When is the next Bank of Canada rate announcement? +
The next scheduled fixed announcement date is April 29, 2026, at 9:45 AM ET. This meeting will be accompanied by the quarterly Monetary Policy Report (MPR). There are eight fixed announcement dates per year; the remaining 2026 dates are June 10, July 15 (MPR), September 2, October 28 (MPR), and December 9.
How do Bank of Canada rate decisions affect my variable-rate mortgage? +
Each decision directly moves the prime rate at Canadian lenders. A 25 basis point cut (0.25%) lowers prime by the same amount, which flows into variable-rate mortgages. For adjustable-rate mortgages (ARMs, like Scotiabank's standard variable), your payment changes with every move. For fixed-payment VRMs, your payment stays constant but more (on a cut) or less (on a hike) of it goes to principal.
Why has the Bank of Canada been holding at 2.25%? +
After cutting 9 times between June 2024 and October 2025 to bring rates down from a 5.00% peak, the Bank reached what it considers the neutral range — a rate that neither stimulates nor restrains the economy. With inflation near the 2% target and economic growth stable, the Bank has held at 2.25% for three consecutive meetings (January 28, 2026, and March 18, 2026 at the same level after a January move) while it evaluates the cumulative impact of prior easing.
Do Bank of Canada rate decisions affect fixed mortgage rates? +
Indirectly.
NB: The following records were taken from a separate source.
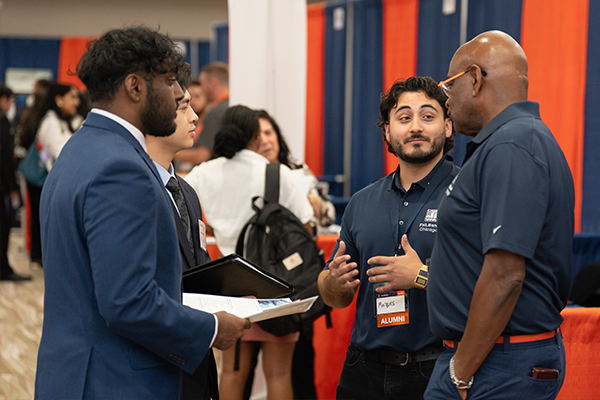 Students talking to employers at a career fair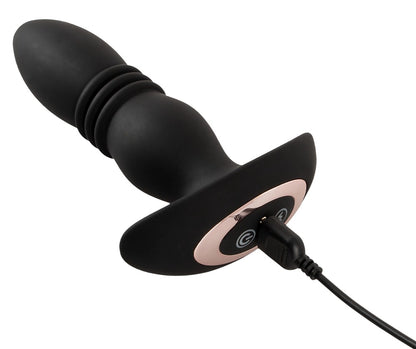 ANOS Prostata-Massager in Schwarz – liegende Produktansicht mit strukturierter Form, geschwungener Basis und angeschlossenem Ladekabel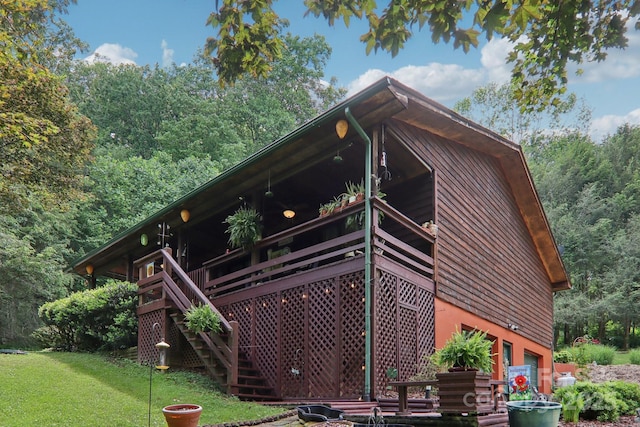 457 Shady Ridge Rd, Waynesville, NC 28785 - view of property exterior featuring a garage, stairway, a view of trees, and a yard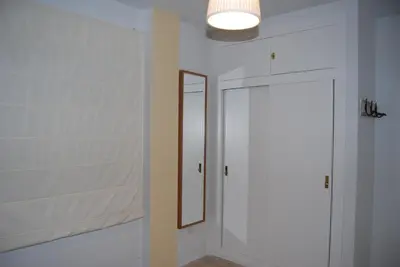 a bathroom with a mirror and a white door at Torre de la Galeona in El Puerto de Santa María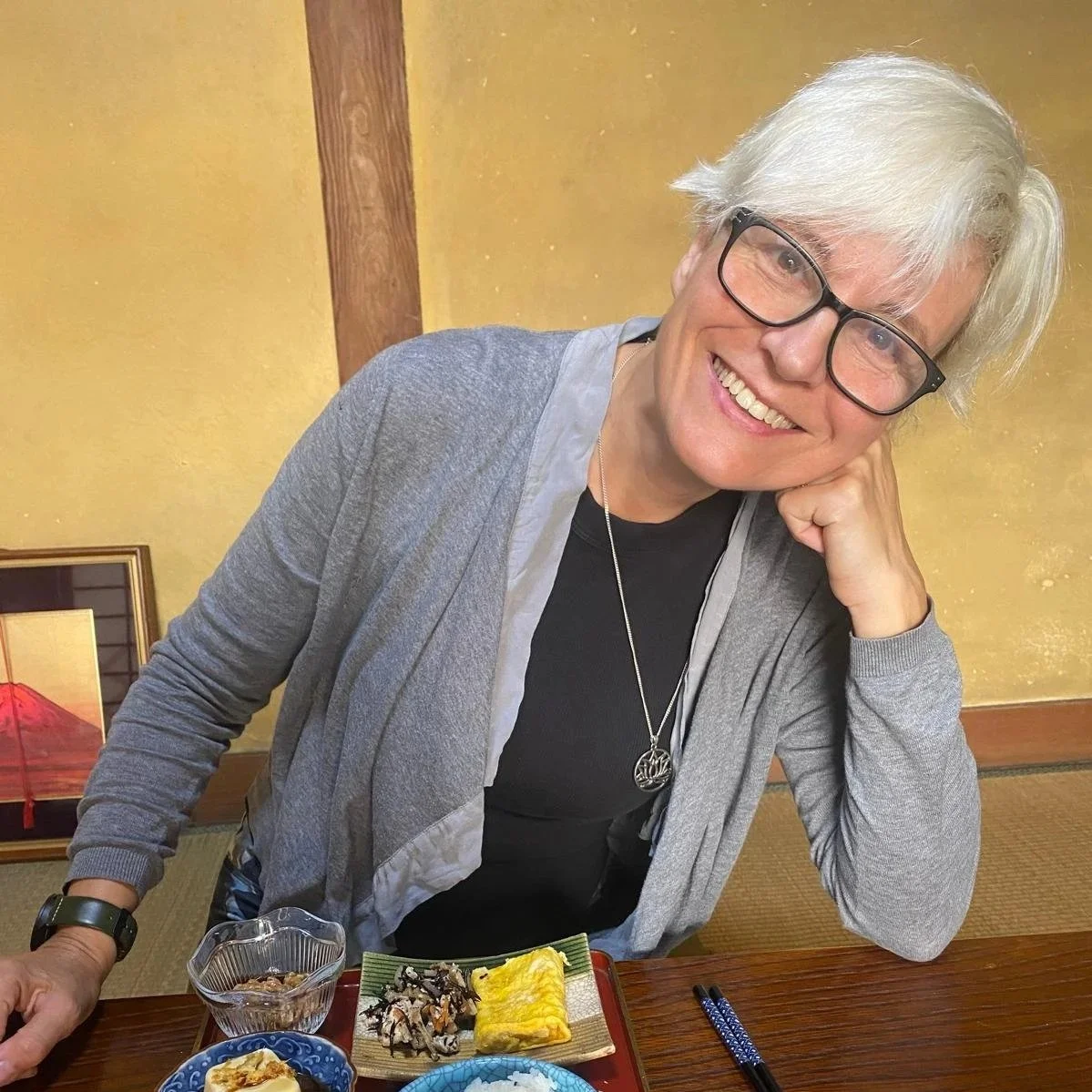 A smiling woman with short gray hair and glasses sitting at a table with Japanese food, resting her head on her hand.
Fixed mortgage rates track Government of Canada bond yields, which respond to expectations about the future path of Bank of Canada policy. A rate cut that was anticipated by markets may have little effect on bond yields (and therefore fixed mortgage rates), while a surprise move can shift the whole yield curve. Current 5-year fixed rates sit around 3.94–4.29% at the broker channel.
What was the peak Bank of Canada rate in the recent cycle? +
The overnight target peaked at 5.00% in July 2023, where it was held until June 2024. This was the highest rate in over 20 years and followed the fastest tightening cycle in a generation — rates rose from 0.25% in March 2022 to 5.00% in just 16 months. The Bank has since cut nine times to today's 2.25%.